XXV
Mrs. March spent the next few days jumping in surprise whenever Jonathan appeared, always apparently out of nowhere. She’d then remember his suspension, and she’d try, in her way, to talk to him, but Jonathan, like his mother, wasn’t a natural conversationalist. He often avoided eye contact, but when he did look at her she considered the things the principal had hinted at. How well could one really know an eight-year-old child, she pondered.
Not knowing quite what to do with him, she bought him colored pencils and illustrated books and asked Martha to deliver sandwich- and fruit-laden trays to his bedroom. One morning she took him ice skating at Wollman Rink. It was a cool, clean January day, the azure sky seemingly dyeing the buildings blue.
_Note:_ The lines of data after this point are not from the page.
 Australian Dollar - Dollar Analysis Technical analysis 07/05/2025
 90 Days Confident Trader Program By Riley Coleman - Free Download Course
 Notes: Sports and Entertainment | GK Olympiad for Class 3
As she waited for Jonathan to put on his skates, a voice erupted nearby, and when a man, bellowing madly, burst out of the surrounding trees and ran toward her, she froze, clutching her ermine stole. Realizing he was holding his infant son in his arms, growling in play as the child screeched with delight, she smiled at them, heart pounding so violently her ribs felt bruised. It was an effort to collect herself and loosen her grip on the strangled fur as Jonathan wobbled onto the rink.
As she watched him from the sidelines, she recognized a familiar face among the onlookers—the mother of one of Jonathan’s classmates. At first Mrs. March tried to shield herself from the woman, cupping her hand against her forehead as if she were shading her eyes from the sun, but alas, she had been spotted.
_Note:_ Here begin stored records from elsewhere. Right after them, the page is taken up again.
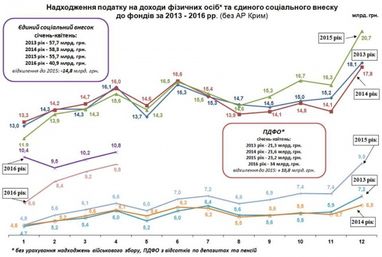 Эффект от снижения ЕСВ: увеличивает ли бизнес зарплаты?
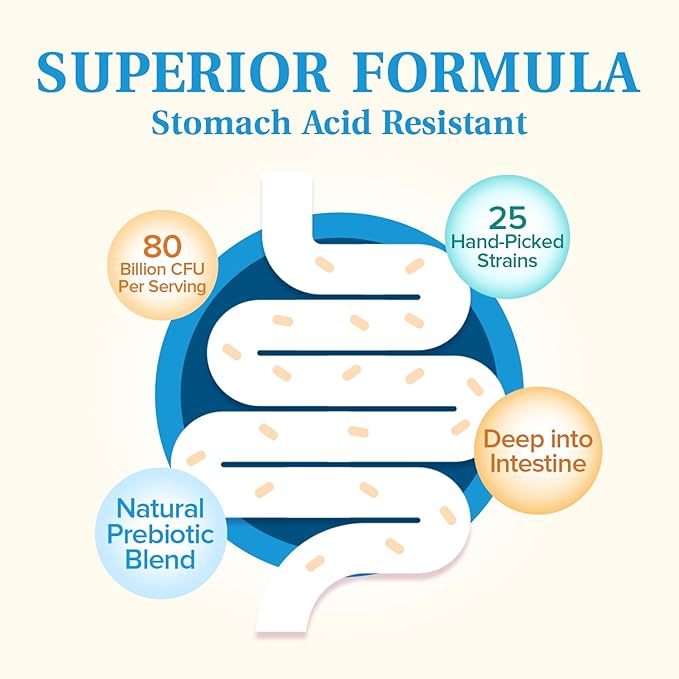 Probiotics 80 Billion + 50 Billion Bundle 25 &amp 18 Strains with Prebiotics Gut &amp Immune Health Shelf Stable Non-GMO Made in USA 120 Capsules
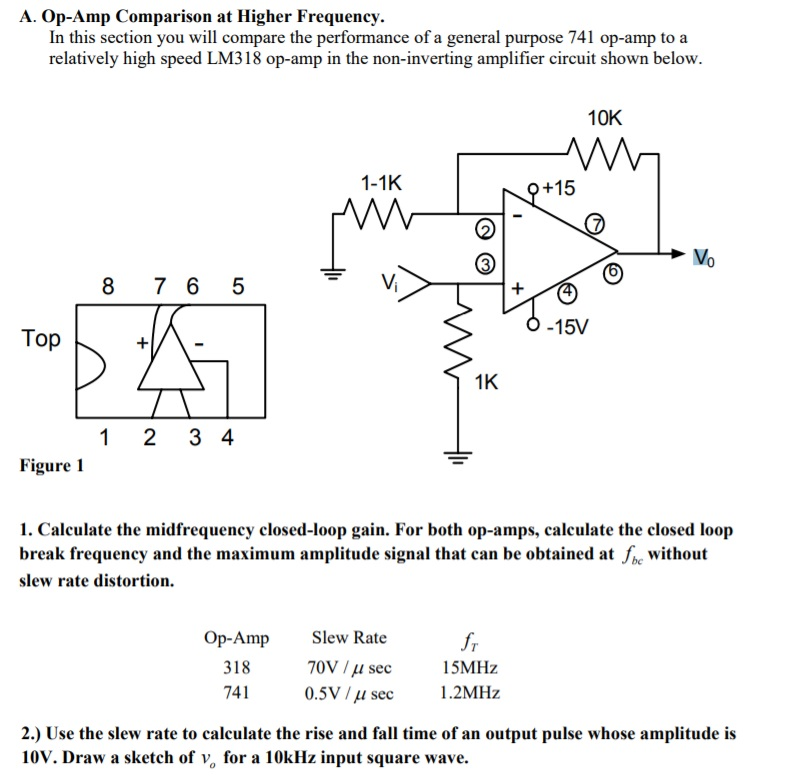 Solved A. Op-Amp Comparison at Higher Frequency. In this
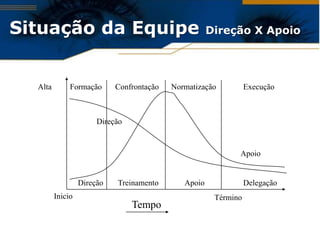 Situação da Equipe                                    Direção X Apoio




  Alta        Formação      Confrontação   Normatização          Execução



                       Direção



                                                             Apoio


                  Direção   Treinamento       Apoio              Delegação
         Inicio                                        Término
                                 Tempo
 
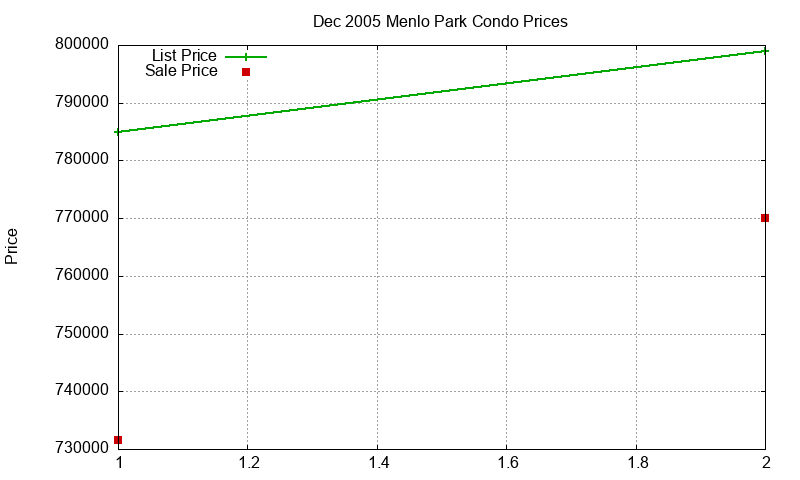 Menlo Park Condos Just Sold 2005-12 Menlo Park Condos Just Sold 2005-12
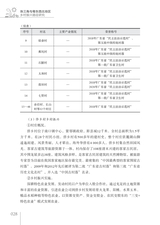 珠三角与粤东西北地区乡村振兴路径研究2025年7月第1期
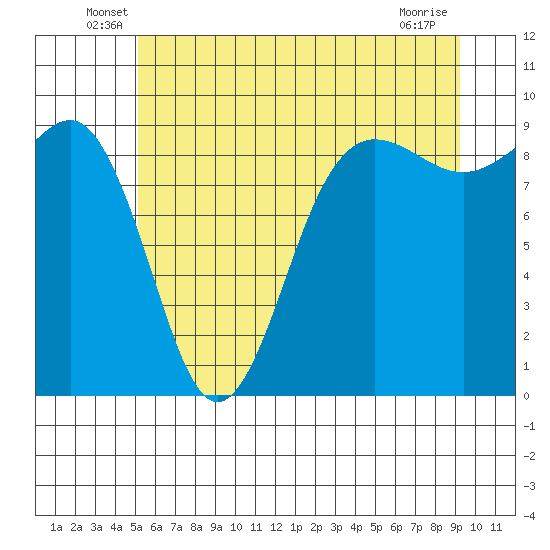 Port Ludlow tide chart for Tuesday, June 18, 2024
“It’s me! Margaret, Margaret Melrose? I’m Peter’s mother.” Squat Margaret was there with her toddler and husband. Mrs. March’s mood lightened at this, for the husband’s weekday appearance at Central Park possibly meant that he had been laid off.
“John took the day off work to spend some time with us,” Margaret said, beaming with pride.
“That’s lovely,” said Mrs. March.
“Is that Jonathan? Why’s he here on a school day?”
“Well,” sighed Mrs. March, “his grandmother is quite ill. He’s rather close to her. I thought I’d give him a few days off school.” She leaned into Margaret and said in a low voice, “We don’t think she’ll make it past Sunday, so”—nodding at Margaret’s gratifying gasp—“this may be the last week he gets with her.”
“Oh, gosh,” said Margaret, looking horrified. “I’m so sorry. How sweet of you to give him this. I’m sure he really appreciates it.”
Mrs. March smiled and lowered her eyes in a show of modesty. She pictured Margaret Melrose welcoming her son home from school that evening, telling him that she’d seen Jonathan at the rink and informing him gravely of the sickly grandmother, trying to impress on her son how important it was that he treat Jonathan kindly over the next few weeks. The son, puzzled, would shyly tell his mother the truth. Perhaps, with any luck, he wouldn’t know the exact reason for Jonathan’s suspension, but children, Mrs. March knew, were cruel gossips and not to be trusted with rumors.
“Where is George?” asked Margaret, brightly shifting the subject. “Working, I expect?”
“Ah. Yes. He’s having an intense publication, what with all the press and everything. You know.”
“I really loved his new book.”
“Oh, I’ve yet to read it,” blurted Mrs. March. She was too exhausted by her previous lie to utter yet another.
“Oh, you should,” said Margaret, winking. “You really, really should.”
You really, really should. Mrs. March studied Margaret’s winter-cracked lips as they formed the words. As Margaret walked back to her family Mrs. March turned to the rink. Everyone had stopped skating. They stood, unblinking, looking at her—not just the skaters but the onlookers as well, had craned their necks to stare at her, locking eyes, one after the other, like the portraits in the museum, refusing to break their gazes. Jonathan, in the center of the rink, smiled at her with all his teeth.
Mrs. March stumbled backward and buried her face in her hands. She breathed loudly in her mint green gloves—where it was dark and soft and safe—until her breath began to sound like that of a stranger.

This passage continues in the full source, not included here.